* _Task to carry out_: Give the listing again character for character, but drop the images.

* _Available records_:
BEGIN

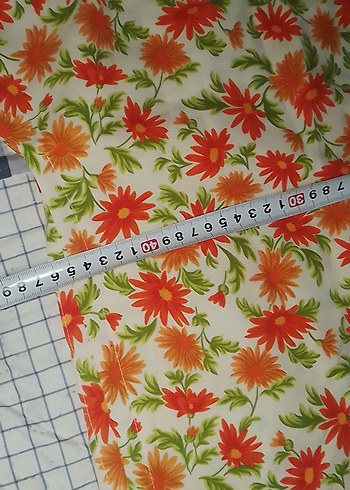 Çiçek Desenli Kısa Kollu Bluz - Görsel 6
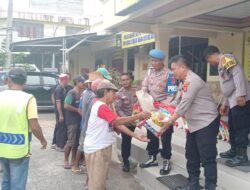 Sambut Ramadhan 1445 H, Kapolsek Terbanggi Besar Bagi Bagi Beras Untuk Masyarakat Membutuhkan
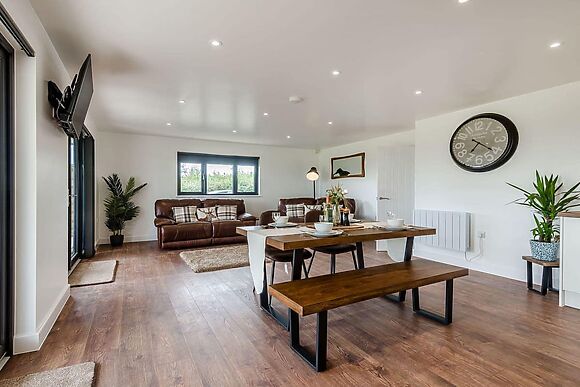 Bramley Lodge in Lyonshall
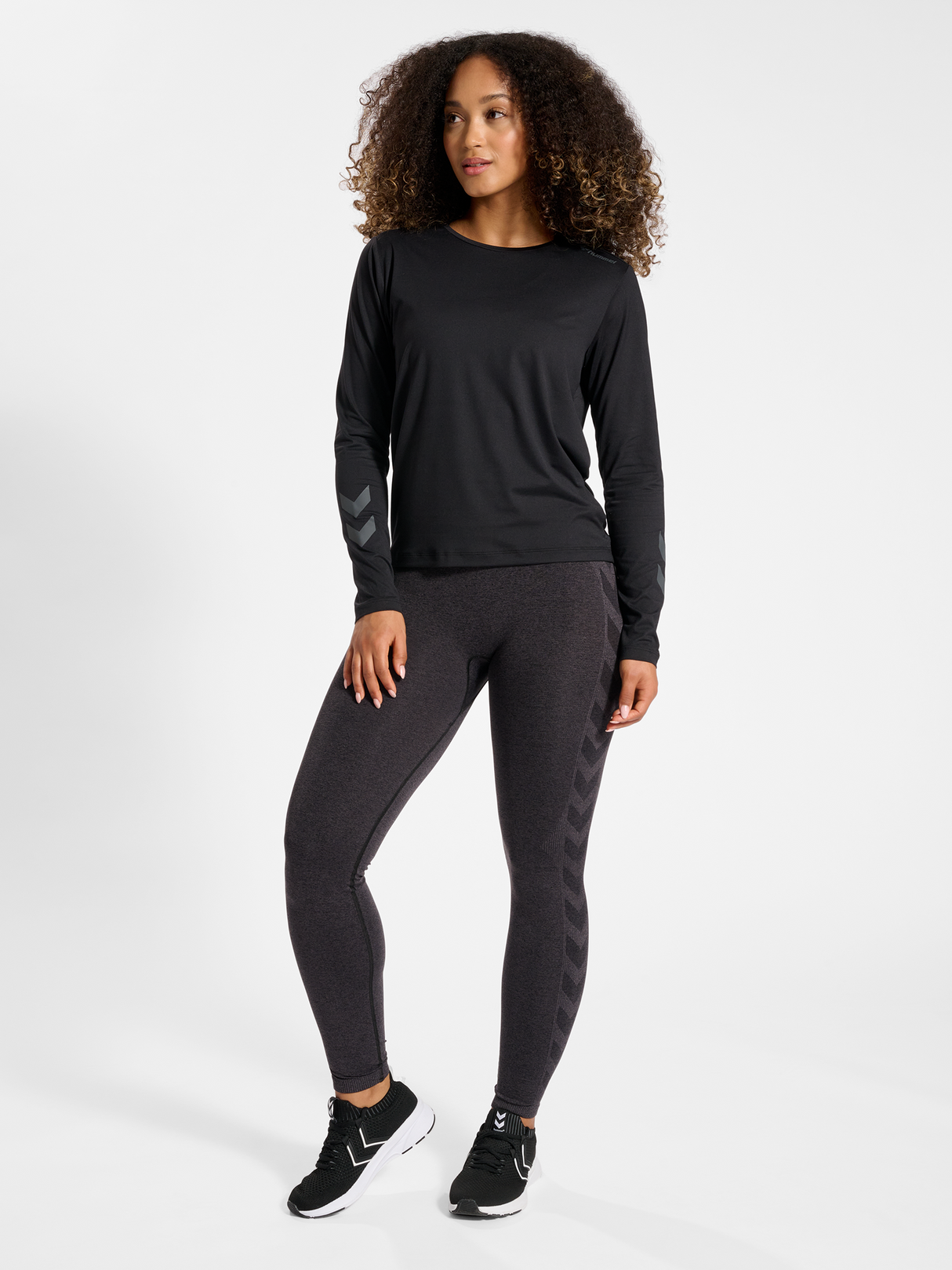 hummel Women's Mindful Training Taylor Long Sleeve T-Shirt-4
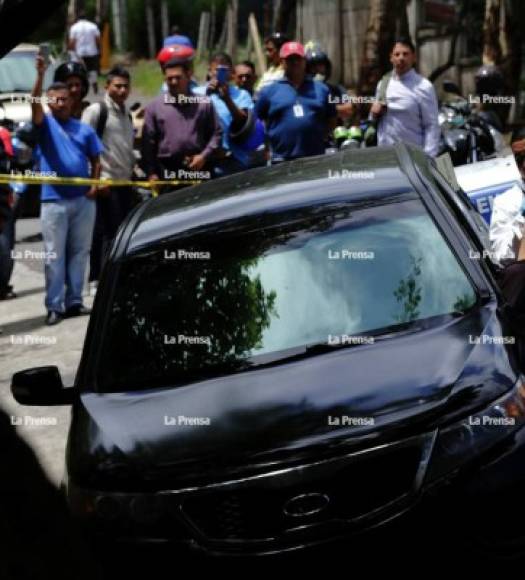 El vehículo tenía al menos nueve perforaciones de bala en el vidrio de la puerta del motorista.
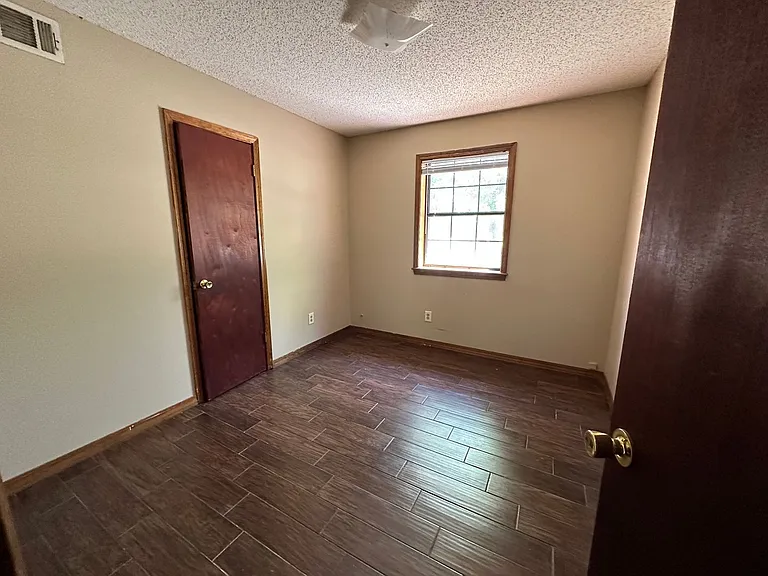 603 Twin Oak Dr — Photo 8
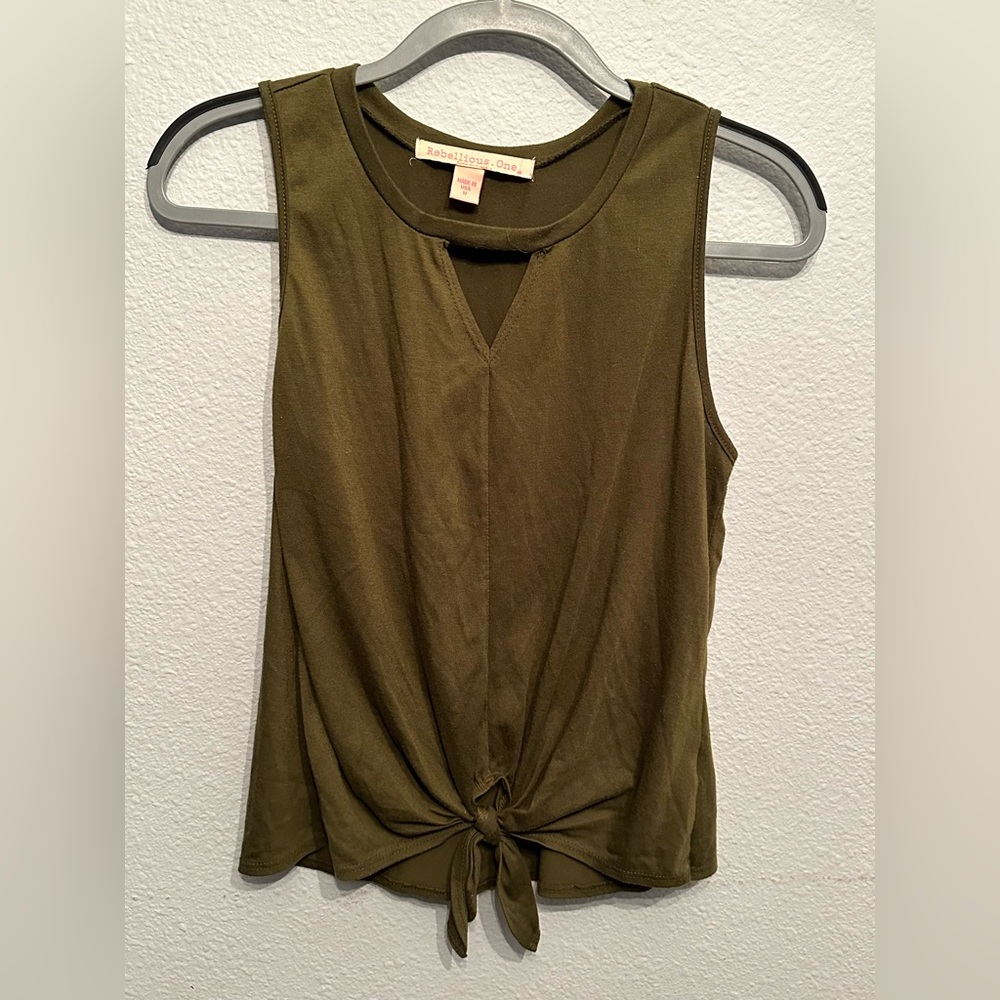 Sleeveless cotton top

END

* _Solution_:
 Çiçek Desenli Kısa Kollu Bluz - Görsel 6
 Sambut Ramadhan 1445 H, Kapolsek Terbanggi Besar Bagi Bagi Beras Untuk Masyarakat Membutuhkan
 Bramley Lodge in Lyonshall
 hummel Women's Mindful Training Taylor Long Sleeve T-Shirt-4
 El vehículo tenía al menos nueve perforaciones de bala en el vidrio de la puerta del motorista.
 603 Twin Oak Dr — Photo 8
 Sleeveless cotton top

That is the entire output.